I just read that some breeders will take one of a triplet and butcher it so mama can raise only twins, but it didn't say the age the kid was. How young have you butchered?


----------



## DPW (Mar 13, 2010)

*Re: Youngest afe you have buthcered*

A vet friend of ours has had a goat barbeque on her birthday for years. She asked to come over and buy one from us. We told her that our little boys were only 3 months old. About to be weaned. She said "perfect." 
We sold her two. She butchered them herself and grilled whole quarters on a Weber grill using a hot pepper dry rub. WOW! May have been the best meat I've ever had.
Although the meat is delicious at this age there's not much of it. A goat that weighs 40 lbs will give you a hanging weight of around 25 lbs. Remove the bone and you end up with about 10lbs of meat.
According to one of my books on meat goats some ethnic populations prefer goats as small as 20-25 lbs for certain holidays.


----------



## goatboat (Oct 28, 2010)

I've never butchered before (other then ducks, chickens ect.) but I'm worried my husband and I are going to get attached to a buckling intended for meat and we won't be able to do the job.

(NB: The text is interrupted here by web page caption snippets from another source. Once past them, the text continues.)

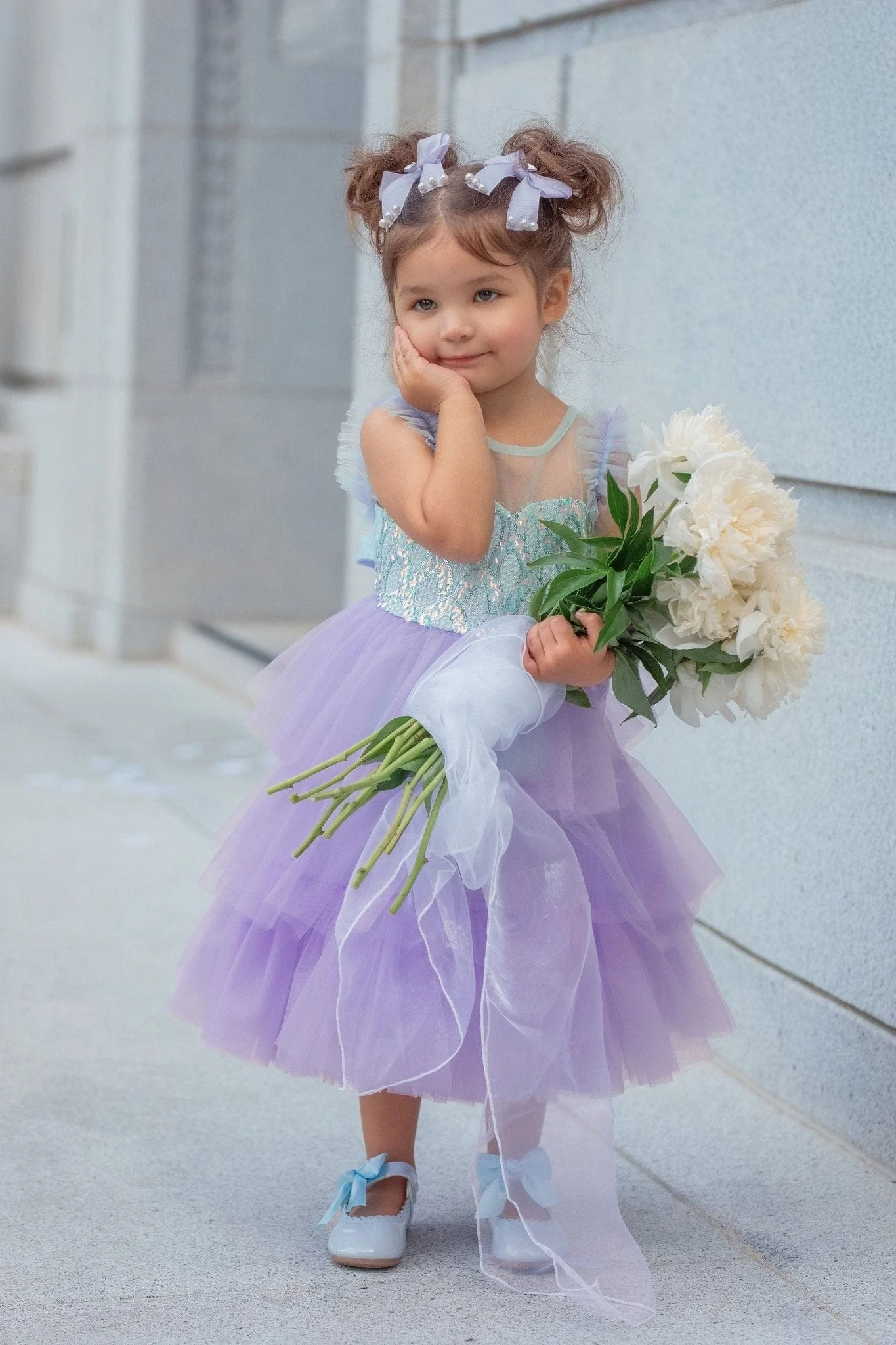 Lilac Dream Tiered Fairy Dress - Image 6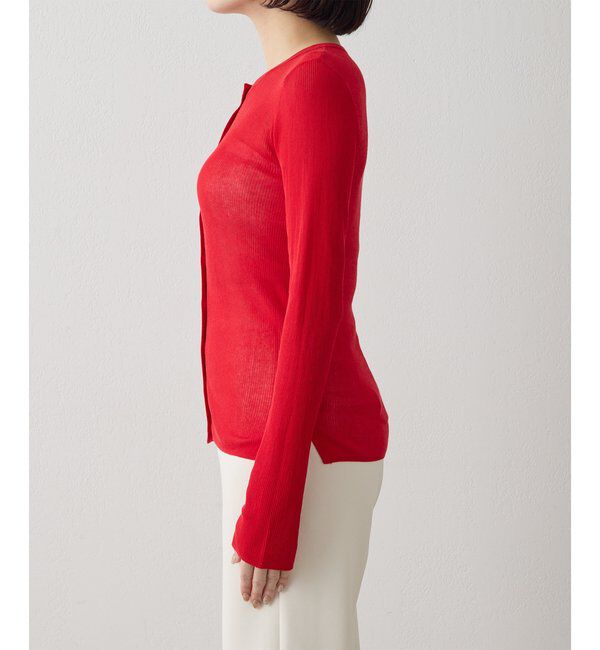  「シアーリブニットカーディガン」|ニット・セーター|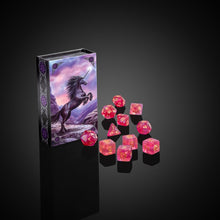 Black Unicorn Anne Stokes Dice Set by Critit UK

First buckling we get we plan on having "newborn kid" for dinner... or a snack  However it works, but mainly because I want to see that WE CAN do it! It's more about getting the nerve then being practical, but since it will be our first goat butcher, I figure it'll be the easiest way to get our feet wet. 

I'm not sure, but I imagine it should be super tender though. If there is much at all. If it's so skimpy looking that I think it'll be a huge was I may try to raise it up, but if I think I can get a small meal out of it I am certainly going to try.


----------



## nancy d (Oct 5, 2007)

Aww Goatboat if you can just think about sweet tender meat ever time you look at him. Some folks name them Chops, Stew etc.
We just had some done. They ranged from 5 & 20 mo to 2yrs. 
Once they are dispatched they are no longer who they were.

Youngest we've done is 3mos no not alot of meat but so tasty!
Technically cabrito is a milk fed only kid.


----------